> [What the task requires] Give back, exactly and with nothing else, the lines running from the one that contains "- Etsy Editable" to the end of the entries below; do not include pictures.

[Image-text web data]
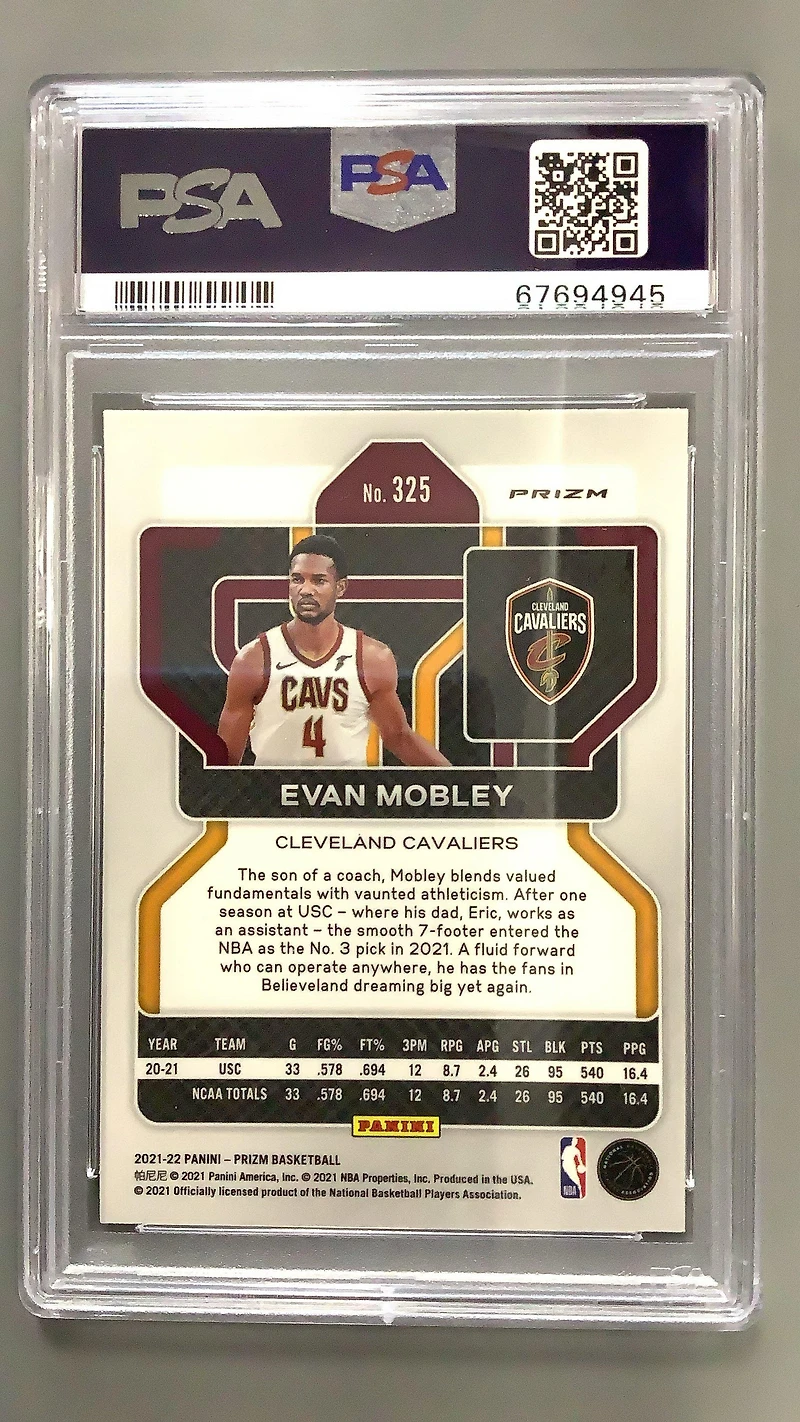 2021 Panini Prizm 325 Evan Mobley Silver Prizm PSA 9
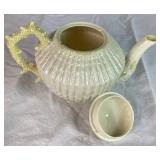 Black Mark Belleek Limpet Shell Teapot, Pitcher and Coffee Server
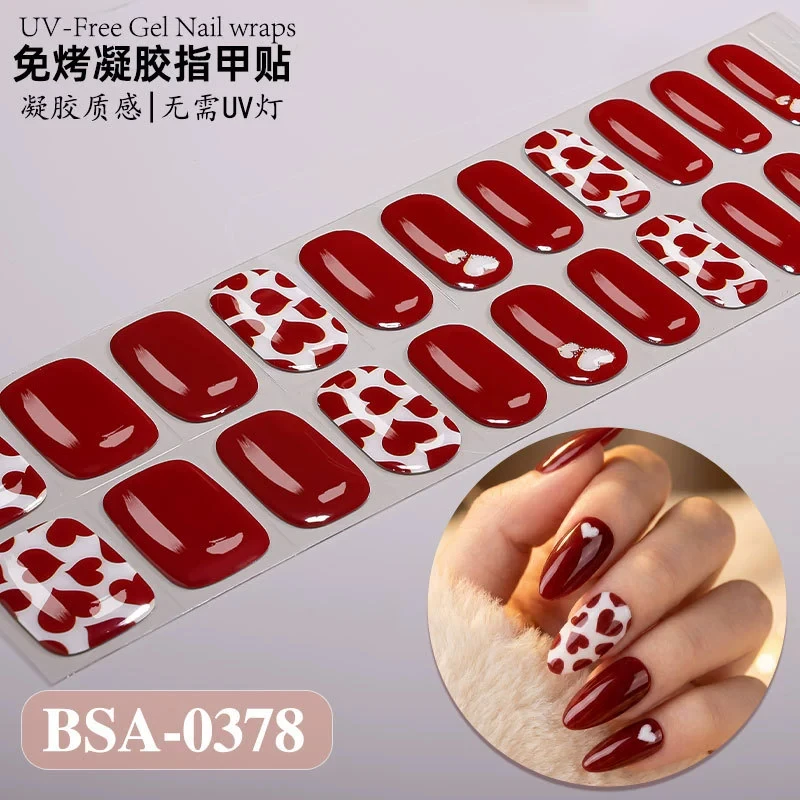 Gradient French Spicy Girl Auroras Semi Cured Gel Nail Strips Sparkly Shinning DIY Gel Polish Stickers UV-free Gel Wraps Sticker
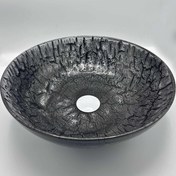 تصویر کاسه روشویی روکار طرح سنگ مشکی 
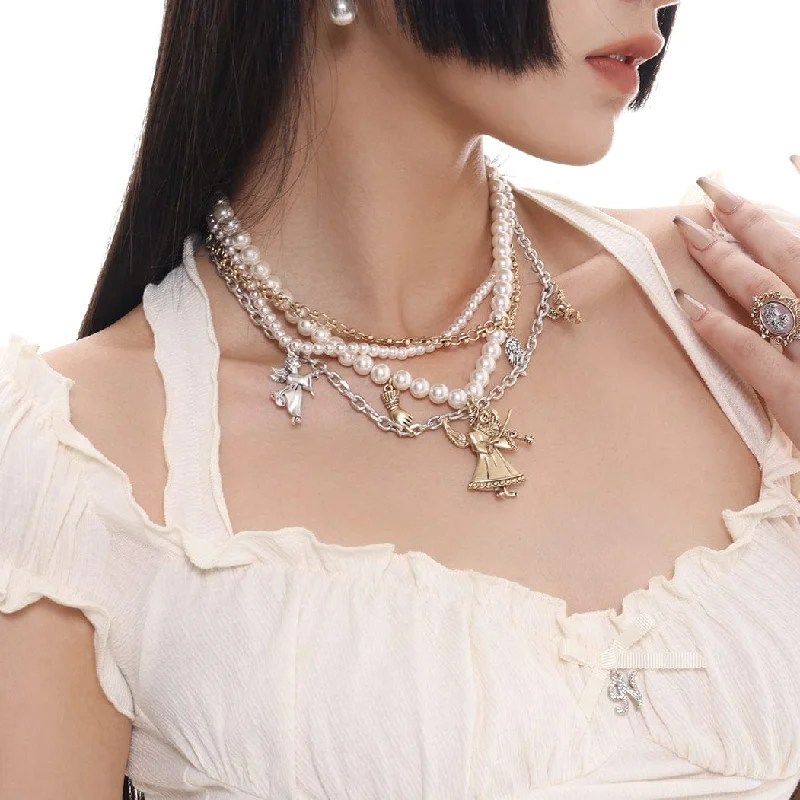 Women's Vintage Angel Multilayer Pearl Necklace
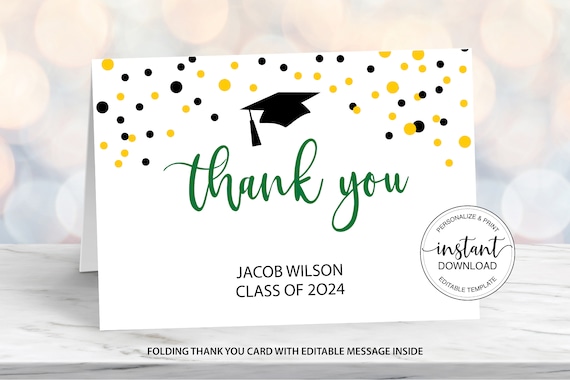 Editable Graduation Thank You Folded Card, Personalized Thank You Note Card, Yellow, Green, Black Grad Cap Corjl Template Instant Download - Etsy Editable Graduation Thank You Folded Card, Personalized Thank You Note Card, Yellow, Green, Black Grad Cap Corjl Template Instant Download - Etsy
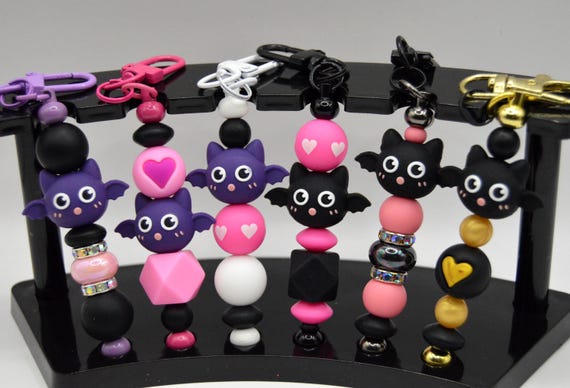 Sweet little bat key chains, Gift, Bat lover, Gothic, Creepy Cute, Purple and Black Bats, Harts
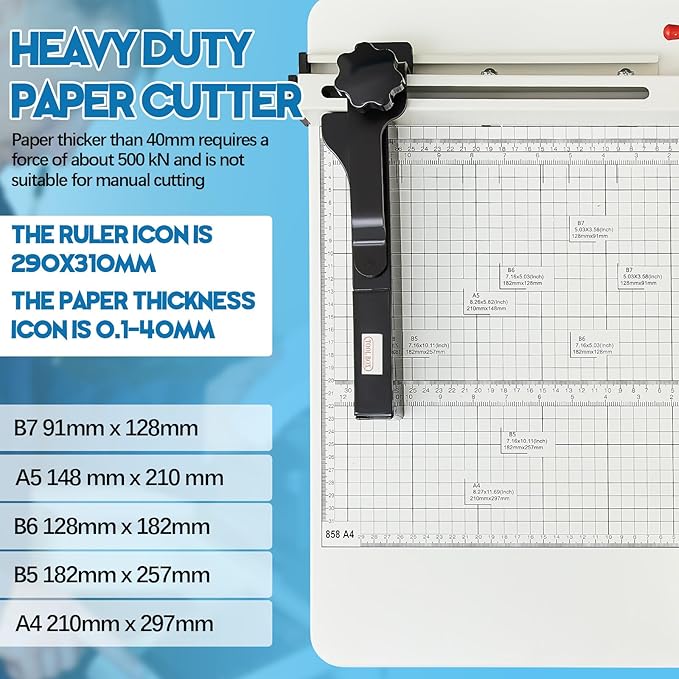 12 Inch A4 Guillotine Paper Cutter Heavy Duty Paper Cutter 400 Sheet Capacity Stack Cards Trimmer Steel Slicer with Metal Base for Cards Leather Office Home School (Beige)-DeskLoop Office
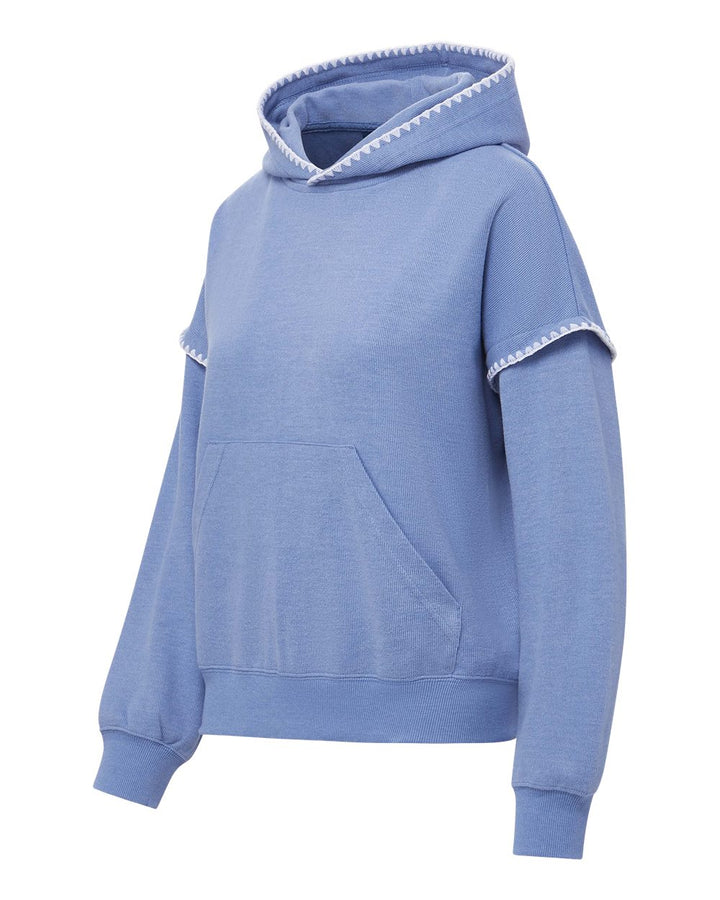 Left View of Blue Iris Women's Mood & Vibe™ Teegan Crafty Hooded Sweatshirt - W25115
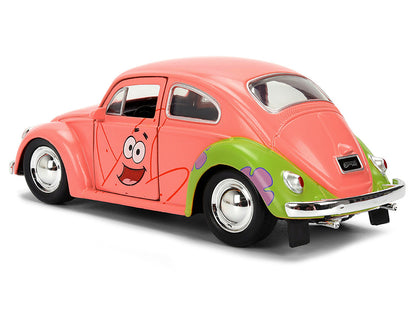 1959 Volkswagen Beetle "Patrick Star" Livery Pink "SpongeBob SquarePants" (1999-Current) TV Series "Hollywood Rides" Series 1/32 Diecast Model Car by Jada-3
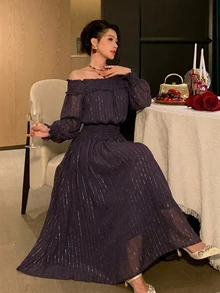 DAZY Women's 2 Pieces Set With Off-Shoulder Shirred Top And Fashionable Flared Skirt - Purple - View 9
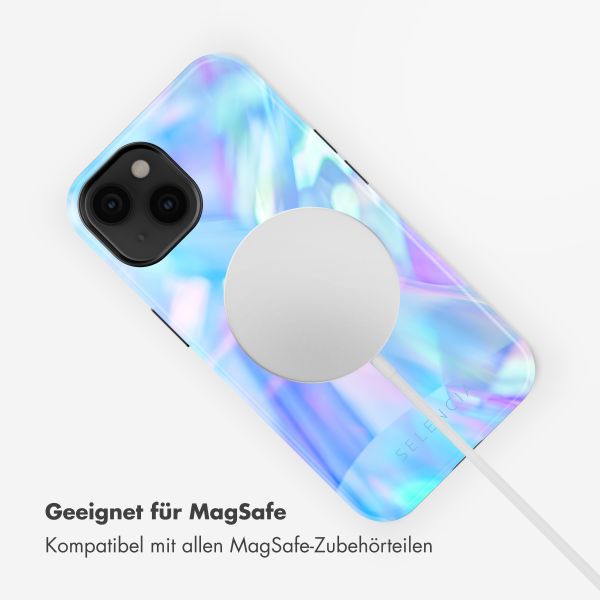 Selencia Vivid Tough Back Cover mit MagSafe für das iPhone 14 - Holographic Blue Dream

> [Answer]
 Editable Graduation Thank You Folded Card, Personalized Thank You Note Card, Yellow, Green, Black Grad Cap Corjl Template Instant Download - Etsy Editable Graduation Thank You Folded Card, Personalized Thank You Note Card, Yellow, Green, Black Grad Cap Corjl Template Instant Download - Etsy
 Sweet little bat key chains, Gift, Bat lover, Gothic, Creepy Cute, Purple and Black Bats, Harts
 12 Inch A4 Guillotine Paper Cutter Heavy Duty Paper Cutter 400 Sheet Capacity Stack Cards Trimmer Steel Slicer with Metal Base for Cards Leather Office Home School (Beige)-DeskLoop Office
 Left View of Blue Iris Women's Mood & Vibe™ Teegan Crafty Hooded Sweatshirt - W25115
 1959 Volkswagen Beetle "Patrick Star" Livery Pink "SpongeBob SquarePants" (1999-Current) TV Series "Hollywood Rides" Series 1/32 Diecast Model Car by Jada-3
 DAZY Women's 2 Pieces Set With Off-Shoulder Shirred Top And Fashionable Flared Skirt - Purple - View 9
 Selencia Vivid Tough Back Cover mit MagSafe für das iPhone 14 - Holographic Blue Dream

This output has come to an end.